START Data extracts
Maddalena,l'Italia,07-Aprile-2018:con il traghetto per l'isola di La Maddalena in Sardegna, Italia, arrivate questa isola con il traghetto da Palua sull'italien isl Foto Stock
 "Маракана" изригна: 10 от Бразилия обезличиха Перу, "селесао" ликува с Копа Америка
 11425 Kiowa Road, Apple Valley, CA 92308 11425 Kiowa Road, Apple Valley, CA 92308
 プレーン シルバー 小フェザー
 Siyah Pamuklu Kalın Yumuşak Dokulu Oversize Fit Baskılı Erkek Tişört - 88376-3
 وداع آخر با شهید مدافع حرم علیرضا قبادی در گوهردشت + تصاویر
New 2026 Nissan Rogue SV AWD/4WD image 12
END Data extracts
**What is needed**
Reproduce each line of the entries above from the one containing "Siyah Pamuklu Kalın" through the last, exactly, and no other line.

**Written response**
 Siyah Pamuklu Kalın Yumuşak Dokulu Oversize Fit Baskılı Erkek Tişört - 88376-3
 وداع آخر با شهید مدافع حرم علیرضا قبادی در گوهردشت + تصاویر
New 2026 Nissan Rogue SV AWD/4WD image 12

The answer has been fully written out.